3DGeoRef: an automated framework for georeferencing heritage 3D models
Keywords: Data Space for Cultural Heritage, 3D heritage models, georeferencing, VLM, multimodal models
Abstract. Geolocalization is the process of determining the precise geographical coordinates and orientation of a device or person or object. Georeferencing is the same process but referred to images, maps or 3D models. Pinpointing where in the world an image was acquired or a 3D model is located, down to a decimetre or meter error, remains a challenge in photogrammetry and computer vision, especially when no priors are available or not touristic locations are considered. Methods have evolved from simple GNSS tagging to complex computer vision and AI-driven spatial reasoning, including the recent LLM/VLM/MLLM approaches.
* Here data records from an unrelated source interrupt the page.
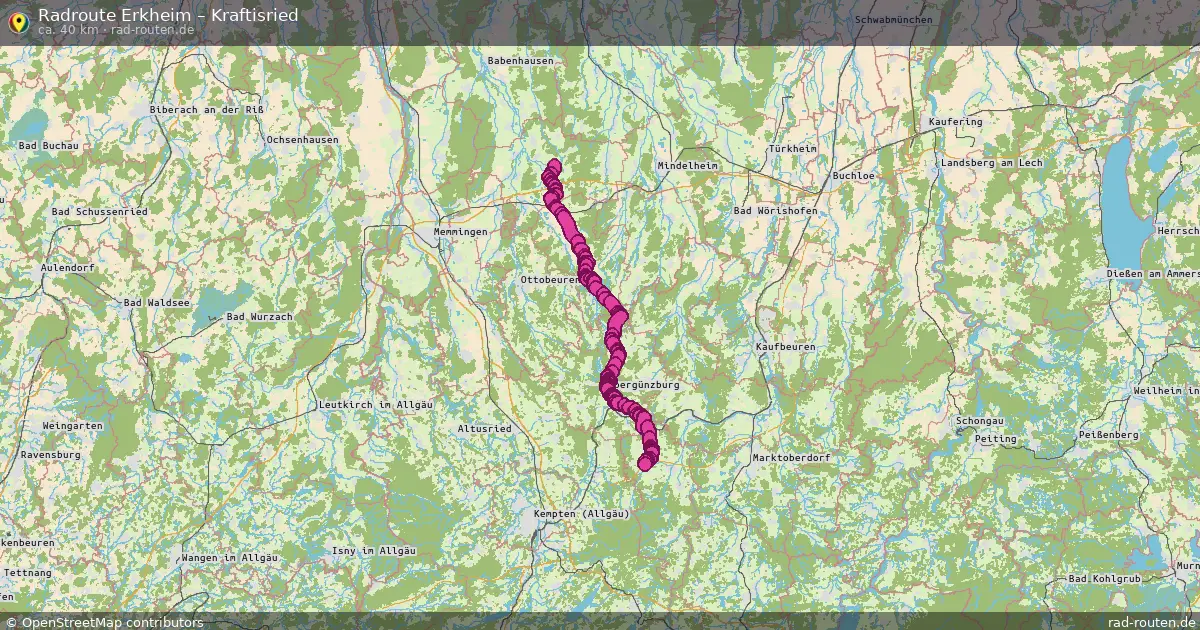 Radtour Erkheim – Kraftisried
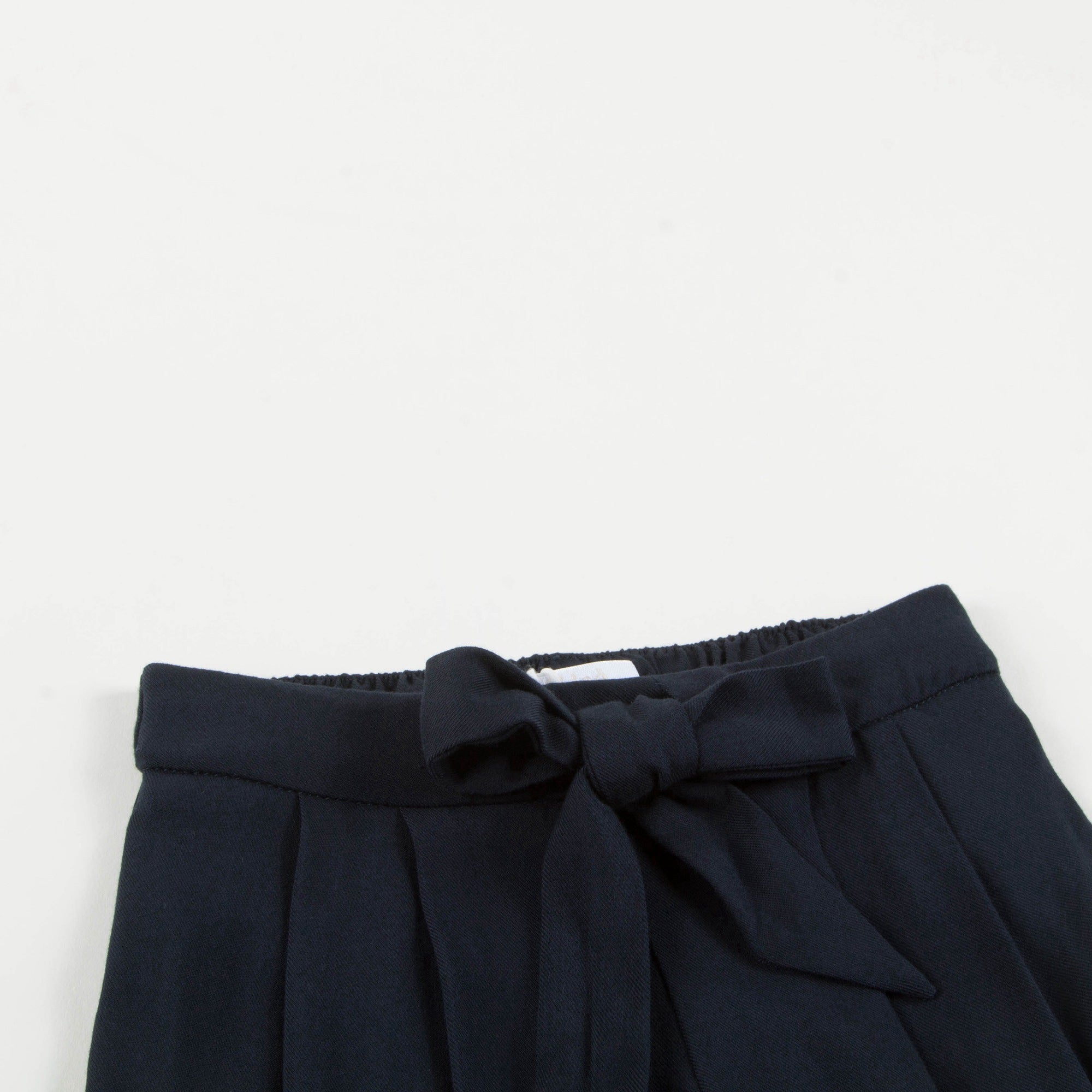 Baby Girls Blue Viscose Trousers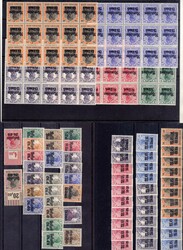 Kl. postfrisch-Dubl.Lot von über 200 Werten auf sechs Steckkt., ...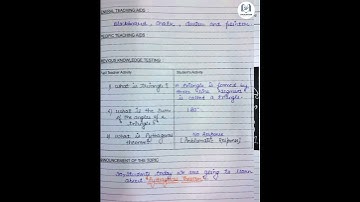 Lesson plan-5 |Mathematics |Pythagorean theorem |D.EL.ED #jbt #lessonplan #mathematics  #studypoint
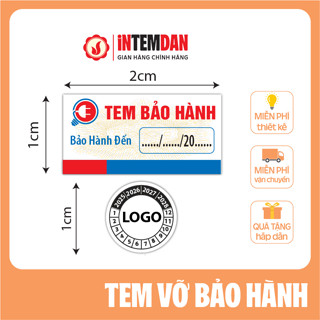 [Giá Xưởng] Tem Vỡ GIÒN bảo hành VINH LIEN Sticker, Decal intemdan.vn Theo Yêu Cầu Khổ A4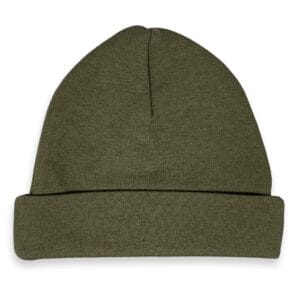 Gepersonaliseerd babymutsje met naam - Leger Groen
This work presents an automated pipeline to georeference heritage 3D models lacking geolocation metadata. The developed method combines synthetic views generation of a not-georeferenced 3D model, VLM and multimodal-based location estimation, satellite imagery retrieval and learning-based image matching techniques to determine the transformation to align the 3D model with real-world coordinates. Results are below the meter accuracy if a substantial amount of surrounding data is available to support the inference of the initial rough location. The final aim of the presented pipeline is to supplement the Cultural Heritage European Data Space with enriched 3D models.